Behind many of these proposals is a philosophy, endorsed by Mrs. Clinton’s closest economic advisers and often referred to as inclusive capitalism, that contends that a majority of Americans do not want to punish the rich; they just want to feel that they, too, have a chance to succeed. It also calls for corporations to put less emphasis on short-term profits that increase shareholder value and to invest more in employees, the environment and communities.
Whether Mrs. Clinton’s approach will be enough to satisfy the unease over growing economic disparity is unclear. In a Gallup poll conducted last month, 67 percent of Americans said they were dissatisfied with the way income and wealth are distributed in the United States. In the 2008 Democratic presidential primary, Mrs. Clinton’s economic message — summed up by a frequent refrain, “If you work hard, you play by the rules, you ought to be able to get ahead” — resonated with white, working-class voters, who overwhelmingly supported her over Barack Obama.

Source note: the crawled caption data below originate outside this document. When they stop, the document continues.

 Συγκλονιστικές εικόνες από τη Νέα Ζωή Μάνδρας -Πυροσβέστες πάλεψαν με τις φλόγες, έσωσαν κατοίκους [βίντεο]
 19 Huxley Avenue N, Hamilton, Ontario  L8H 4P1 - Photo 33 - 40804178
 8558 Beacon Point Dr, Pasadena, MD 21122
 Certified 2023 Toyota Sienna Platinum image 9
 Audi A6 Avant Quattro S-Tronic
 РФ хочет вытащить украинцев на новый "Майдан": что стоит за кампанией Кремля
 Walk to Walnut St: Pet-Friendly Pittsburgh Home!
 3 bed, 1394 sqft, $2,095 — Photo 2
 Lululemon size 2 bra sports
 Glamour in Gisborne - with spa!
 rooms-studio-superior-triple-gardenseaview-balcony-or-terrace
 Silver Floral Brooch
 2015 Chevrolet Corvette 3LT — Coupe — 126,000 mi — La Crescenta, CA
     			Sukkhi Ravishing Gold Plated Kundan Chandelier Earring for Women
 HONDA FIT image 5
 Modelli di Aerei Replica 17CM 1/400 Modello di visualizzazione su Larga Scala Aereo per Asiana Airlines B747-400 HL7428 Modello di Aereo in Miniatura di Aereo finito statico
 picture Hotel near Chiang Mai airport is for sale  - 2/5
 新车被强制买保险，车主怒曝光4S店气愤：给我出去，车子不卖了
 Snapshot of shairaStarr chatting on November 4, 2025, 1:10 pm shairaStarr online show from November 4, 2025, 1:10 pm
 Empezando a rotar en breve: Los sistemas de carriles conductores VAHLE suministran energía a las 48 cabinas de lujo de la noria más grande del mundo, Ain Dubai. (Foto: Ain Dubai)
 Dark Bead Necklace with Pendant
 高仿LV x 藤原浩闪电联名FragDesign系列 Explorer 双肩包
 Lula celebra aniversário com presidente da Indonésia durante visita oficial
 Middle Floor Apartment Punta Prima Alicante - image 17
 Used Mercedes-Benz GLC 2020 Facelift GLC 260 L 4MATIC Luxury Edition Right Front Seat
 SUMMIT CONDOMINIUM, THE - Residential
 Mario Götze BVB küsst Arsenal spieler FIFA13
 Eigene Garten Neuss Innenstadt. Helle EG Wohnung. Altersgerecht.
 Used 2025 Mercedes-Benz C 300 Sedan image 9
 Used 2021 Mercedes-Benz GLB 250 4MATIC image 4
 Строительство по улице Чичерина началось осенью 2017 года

But in the years since, Mrs. Clinton has come under criticism for delivering speeches to Wall Street banks at more than $200,000 each, roughly four times the median annual household income in the United States, and for comments she made about her family’s financial situation, including a lament about being “dead broke” after leaving the White House. And she must convince a middle class that feels frustrated and left behind that she understands its struggles, even as she relies heavily on the financial industry and corporate interests to fund her candidacy.
Nick Merrill, a spokesman for Mrs. Clinton, said she had “a record of bringing people together to solve big problems, while also putting a real premium on accountability.”
Asked whether creating an economic message could affect the timeline for her presidential campaign, Mr. Merrill said, “There’s no red X on a calendar somewhere, but make no mistake: If she runs, she will present solutions to our toughest challenges.”
Mrs. Clinton’s economic plan would be more populist and reliant on the government than the centrist approach of trade agreements, welfare reform and deficit reduction associated with her husband, former President Bill Clinton.
“It’s not enough to address upward mobility without addressing inequality,” said Lawrence H. Summers, a Treasury secretary in the Clinton administration who is among those talking with Mrs. Clinton. “The challenge, though, is to address inequality without embracing a politics of envy.”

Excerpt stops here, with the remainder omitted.